___ DATA FOR PROCESSING

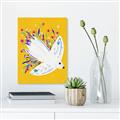 Picture of Bird in Floral Yellow Abstraction _GroupedProduct_Rectangle_Portrait_Canvas_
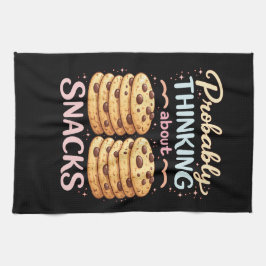 Probably Thinking About Snacks Funny  Cute Kitchen キッチンタオル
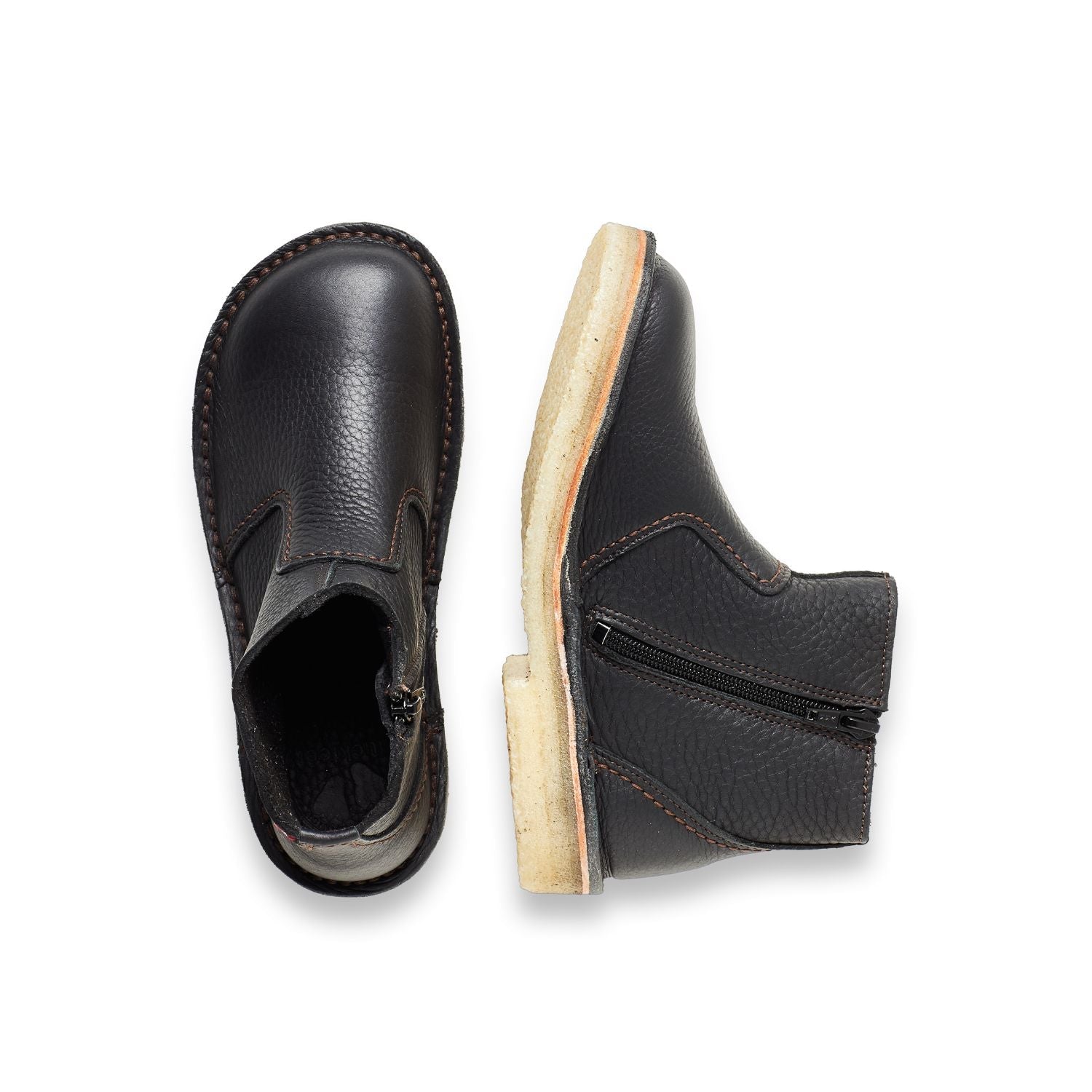 Duckfeet Fredericia Black zip-up leather ankle boot, top and inner side view on white background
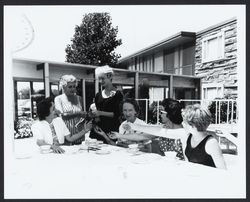 Selling raffle tickets at the Flamingo Hotel, Santa Rosa, California, 1960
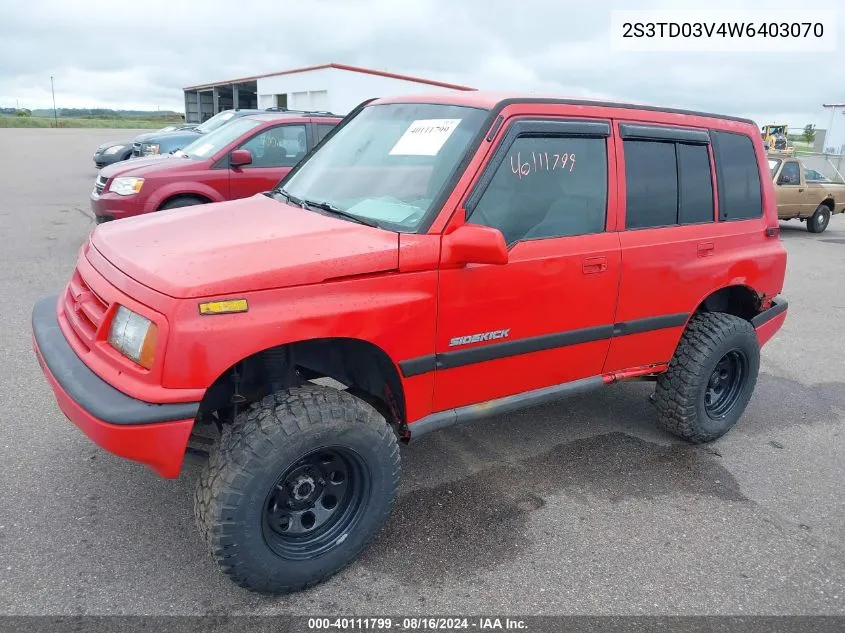 1998 Suzuki Sidekick Jx VIN: 2S3TD03V4W6403070 Lot: 40111799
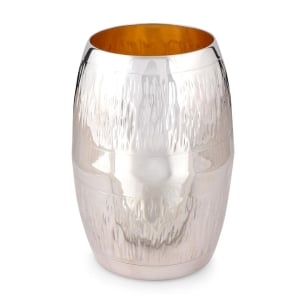 Bier Judaica 925 Sterling Silver 'Wooden Barrel' Kiddush Cup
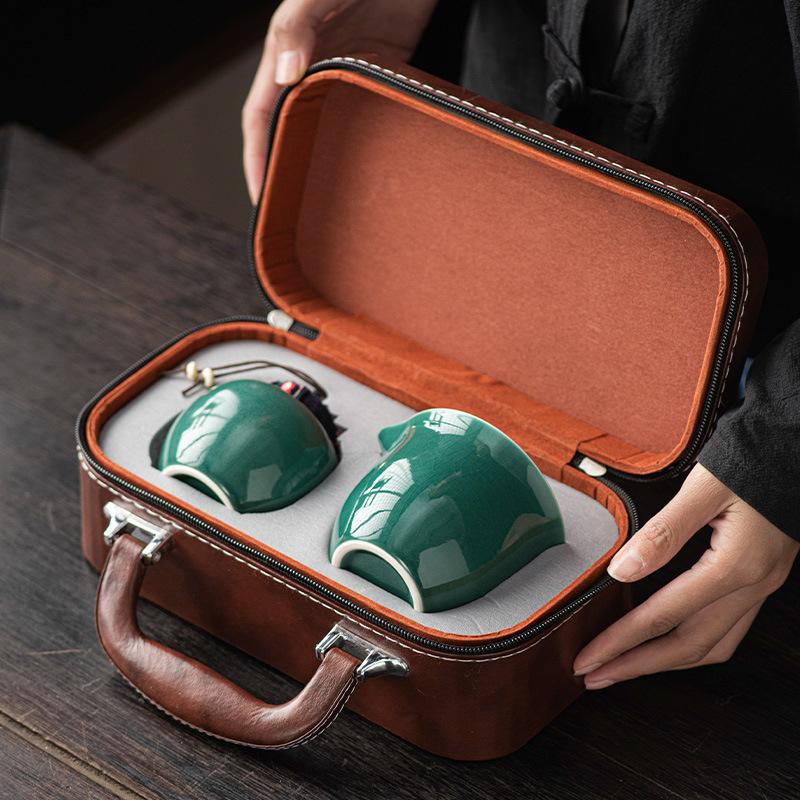 Ceramic Creative Travel Tea Set Portable Exquisite Chinese Office Tea Set Supplies Outdoor Brewing Teapot Tea Set Home Gift New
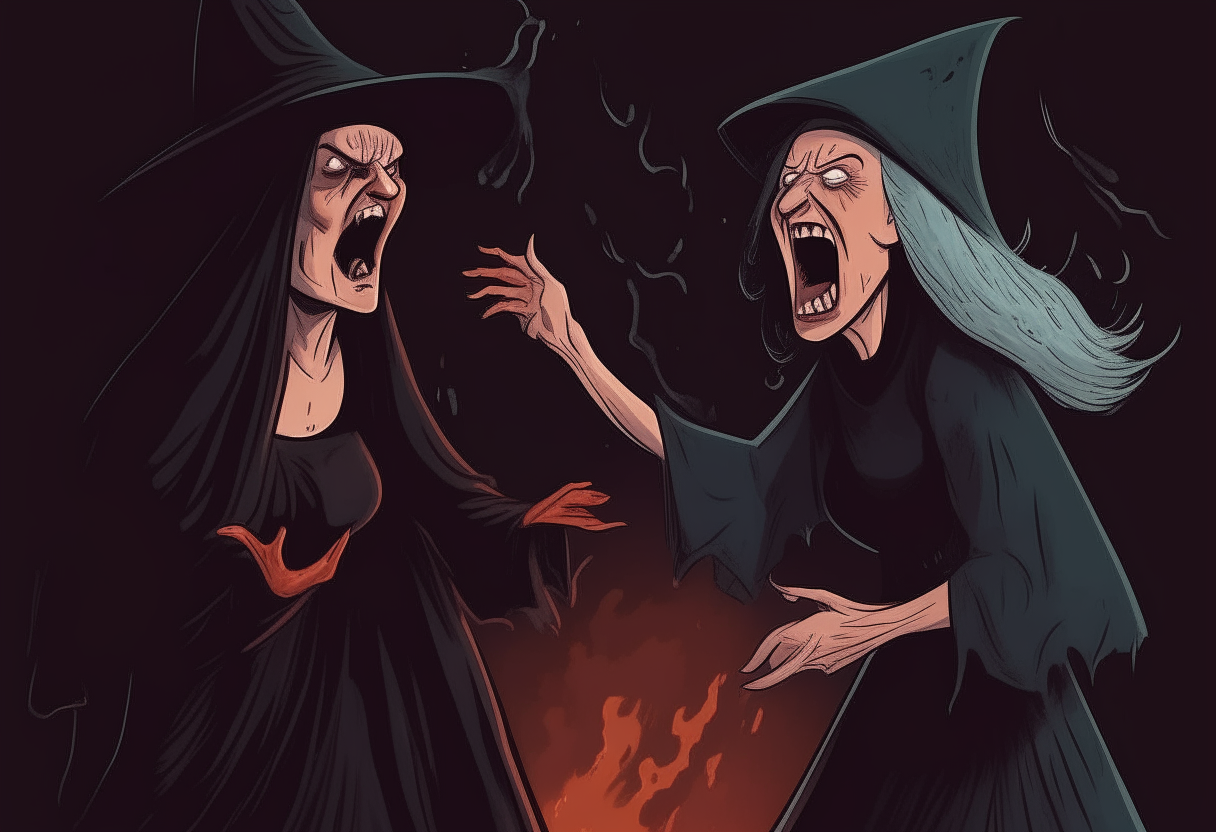 A horrible angry witch shouting at black witch in a dark room
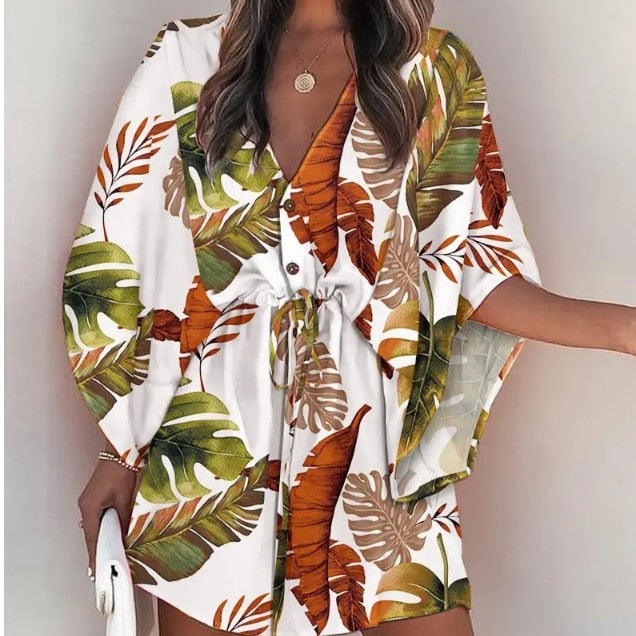 Women Batwing Sleeve Dresses Boho Leaf Print V-Neck Irregular Loose Mini Dress Female Sexy Lace-Up Waist Beach Dress Vestido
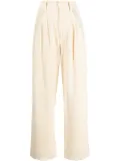 mii hand-embroidered cotton-corduroy trousers - Neutrals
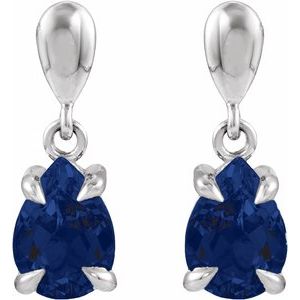 14K White Gold Lab-Grown Blue Sapphire Drop Earrings – image 2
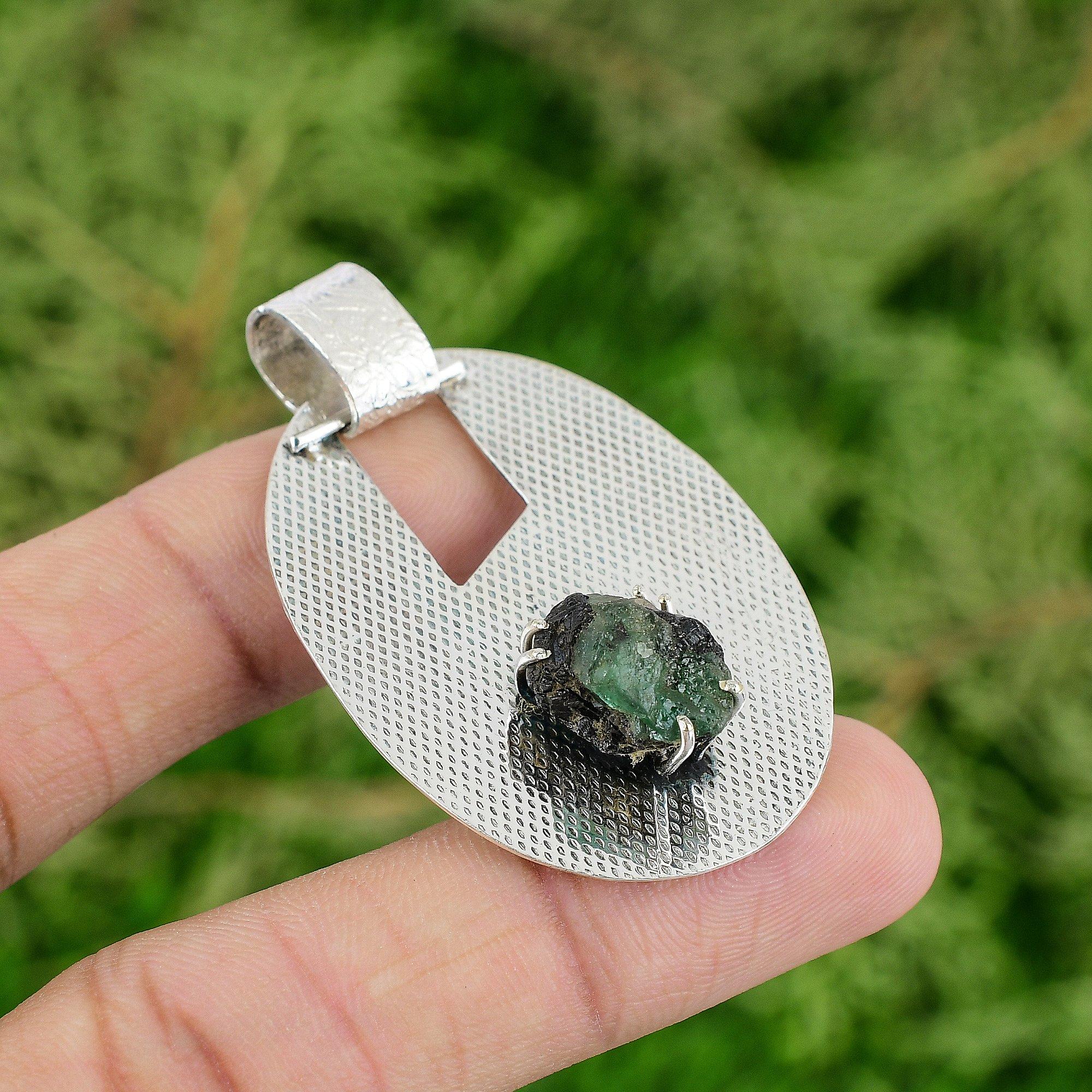 Töchtertag Angebot Sterlingsilber Chrysopras Rohstein Lünettenanhänger Schmuck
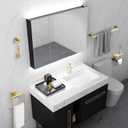 Brushed Gold Bathroom Towel Bar Holder Sets Premium Stainless Steel 4-Piece Bathroom Hardware Set Wall Mounted Bathroom Toilet Paper Holder with Shelf Set.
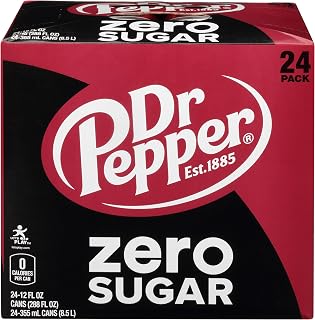Dr Pepper Soda Zero Sugar, 24 Pack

______

YOUR GOAL
Your answer must be an exact copy of the lines from the start of the entries through the line with "Selling raffle tickets", with no pictures.

YOUR RESPONSE
 Picture of Bird in Floral Yellow Abstraction _GroupedProduct_Rectangle_Portrait_Canvas_
 Probably Thinking About Snacks Funny  Cute Kitchen キッチンタオル
 Duckfeet Fredericia Black zip-up leather ankle boot, top and inner side view on white background
 Selling raffle tickets at the Flamingo Hotel, Santa Rosa, California, 1960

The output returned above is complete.